Artemeva’s first task at SLaLS was to design and implement a course that would satisfy the requirement of the Canadian Engineering Accreditation Board to introduce a written and oral communication component into the engineering curriculum. Artemeva taught and coordinated the mandatory engineering communication course for six years. Now that the communication program at SLaLS is well established, Communication Courses for Disciplines and Professions are taught by five instructors to over seven hundred students a year. In addition to the engineering communication course, the courses include a graduate course for engineering students on thesis writing, a communication course for Computer Science majors, and two courses for Bachelor of Information Technology (one for interactive media designers and the other for network administrators). Artemeva is quick to point out, however, that her colleague Susan Logie and other instructors at SLaLS now maintain the program.

Since the program’s inception, Artemeva has received her doctorate in Education with the emphasis on engineering communication and was awarded the Outstanding Dissertation Award in Technical Communication by the Conference of College Composition and Communication (USA). Her research endeavour was an eight-year study, which focused on the questions of how novice engineers learn to communicate by using the “language of the engineering profession.” Her doctoral work indicates that social contexts of university programs and the professional workplace are so radically different that many “ingredients” of professional communication knowledge — such as cultural capital, personal motivation, content knowledge, and so on — need to be in place for an engineering student to be accepted by seasoned engineers as a professional communicator.

Artemeva’s current work on a SSHRC-funded study focuses on the language of teaching undergraduate mathematics. She collaborates with Janna Fox from SLaLS and Anthony Paré from McGill University on investigating the ways mathematics is taught to undergraduate students around the globe in an attempt to understand whether any support is needed (and/or possible) for new faculty in departments of mathematics in Canada. Another issue that the researchers are hoping to address in this study is the difficulties undergraduate students in science, engineering, and business programs often experience when studying mathematics.
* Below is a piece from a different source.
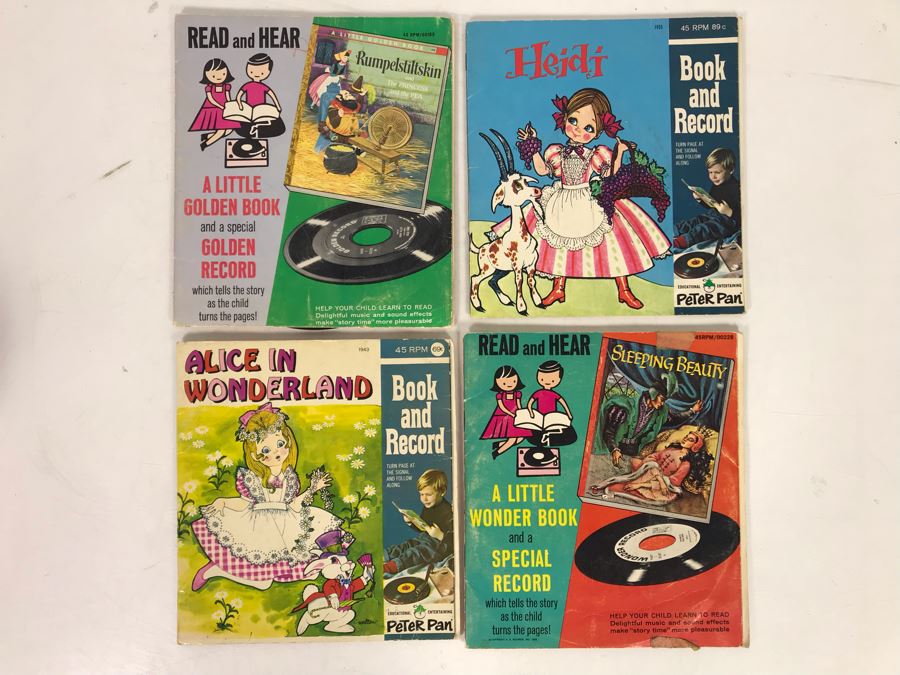 (4) 45s Children's Little Golden Book Records: Alice In Wonderland, Rumpelstiltskin, Heidi And Sleeping Beauty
So far, the researchers have observed that regardless of the country in which instructors live and work, regardless of where they were educated, their age, and the language they speak, all of them use very similar ways of teaching mathematics to undergraduate university students. The researchers have come to call this way of teaching “chalk talk.” Currently Artemeva and her colleagues are addressing the question why this way of teaching mathematics overrides national, linguistic, educational, generational, and gender differences. They expect that their research would lead them to an understanding of how university students can be assisted in learning mathematics.